Em mais de vinte minutos de discurso preparado durante 15 dias, o documentarista reviveu os momentos mais marcantes de sua história, que se entrelaça com a da UnB: a chegada à Universidade a convite de Fernando Duarte, em 1969; o desafio de ensinar cinema durante o regime militar; o fechamento do curso por força da repressão; os enfrentamentos entre policiais e estudantes dentro do campus; as cartas ofensivas encontradas em seu escaninho, como a de “um professor ex-padre e fã de Mussolini”; a redemocratização. “O tempo passou num piscar de olhos, como nos filmes de cinema e aqui estamos nós neste continuado esforço de refundação da UnB”, afirmou. “Eu me rejubilo e saio daqui todo me achando e comungando com o velho Camões: Estou em paz com minha guerra”, concluiu, após coroar sua fala lembrando a fundação da Associação dos Docentes da Universidade de Brasília, em 1978, do qual participou ativamente e foi um marco na luta pela democratização do país.

 

Ainda durante o discurso, Vladimir Carvalho retomou de memória as rusgas com o ex-reitor José Carlos Azevedo, que vigiava dia e noite as movimentações políticas de alunos e professores.

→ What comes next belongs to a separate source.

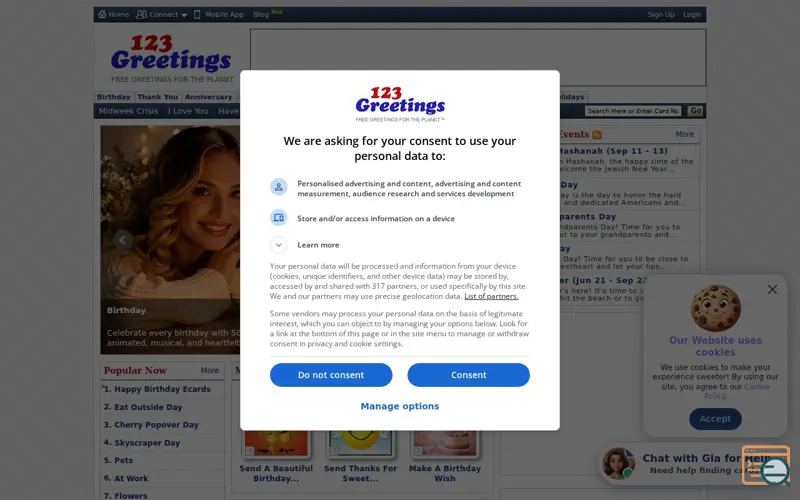 Screenshot of 123greetings.com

Em um dos momentos mais tensos dessa relação Vladimir recebeu uma correspondência no escaninho com os dizeres “sigiloso” e “pessoal”. Azevedo queria provas de que as viagens constantes do professor para produção de seus filmes não estaria afetando a rotina de aulas. “A intervenção dos amigos me salvou da demissão sumária”, lembrou.

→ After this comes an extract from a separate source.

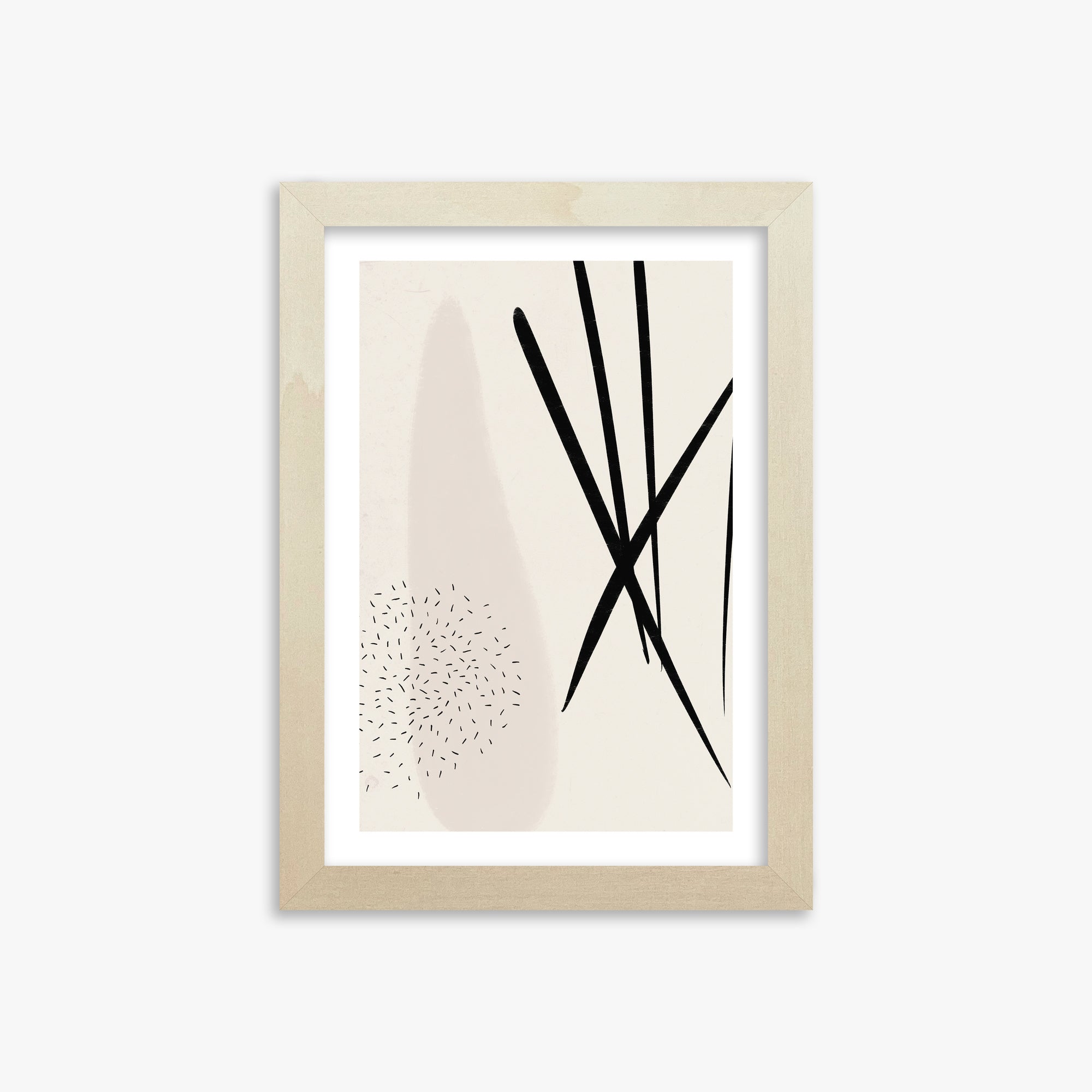 Zen Strokes Harmony, 21x30cm Framed Art Reproduction With Lime Wood Frame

Foto: Edu Lauton/UnB Agência

 

TRIBUTO – Velhos amigos estavam presentes na cerimônia que reconheceu uma trajetória de vinte e três anos dedicados a UnB, dedicação que continuou após a aposentadoria. Na plateia estavam o também emérito e fotógrafo, Luís Humberto Martins, Clodomir Ferreira, Venício de Lima, Márcio Curi e Briquet de Lemos. “A homenagem é mais do que merecida. Vladimir é um herói brasileiro, desse tipo de herói que não recebe condecorações”, disse Luís Humberto. “Na verdade ele já era emérito a muito tempo, antes mesmo de chegar a UnB”, reforçou o ex-professor da universidade e livreiro Briquet de Lemos.

 

Dácia Ibiapina, professora do Departamento de Audiovisuais e Publicidade e cineasta, usou a mesma linguagem que celebrizou Vladimir para resgatar parte da trajetória cinematográfica do mestre. Um compilado de dez minutos do longa de Vladimir Carvalho, Conterrâneo Velho de Guerra, dirigido por ela, mesclou imagens históricas do cineasta com cenas de produções contemporâneas. “Você é tema de nossa reflexão há muitos anos. Tento seguir algum de seus passos, mas você é um homem de muitos passos”, disse Dácia antes da apresentação da película.

 

O filme mostrou visita de Vladimir à cidade natal, Itabaiana, na Paraíba. Trouxe de volta também entrevista em que o cineasta comentava o lançamento de O País de São Saruê em 1979, barrado pela censura por quase uma década. Contou a epopéia de Barra 68, produção que partiu de imagens históricas que retratam a invasão militar a Universidade de Brasília em 1968 e narra a história da universidade desde sua fundação até o momento trágico. “Essa foi a saudação mais luminosa que já recebi”, disse Vladimir.

 

Para o reitor José Geraldo o título é mais do que uma distinção a um ex-professor que se destacou por suas contribuições a universidade. “Também é uma distinção para que a UnB se sinta honrada”, afirmou. O reitor lembrou que esta é a primeira outorga de professor emérito após as comemorações do cinquentenário da UnB, no dia 21 de abril. “E não poderia haver melhor escolha, podemos inscrever essa homenagem como uma expressão simbólica da UnB nos seus 50 anos”, destacou.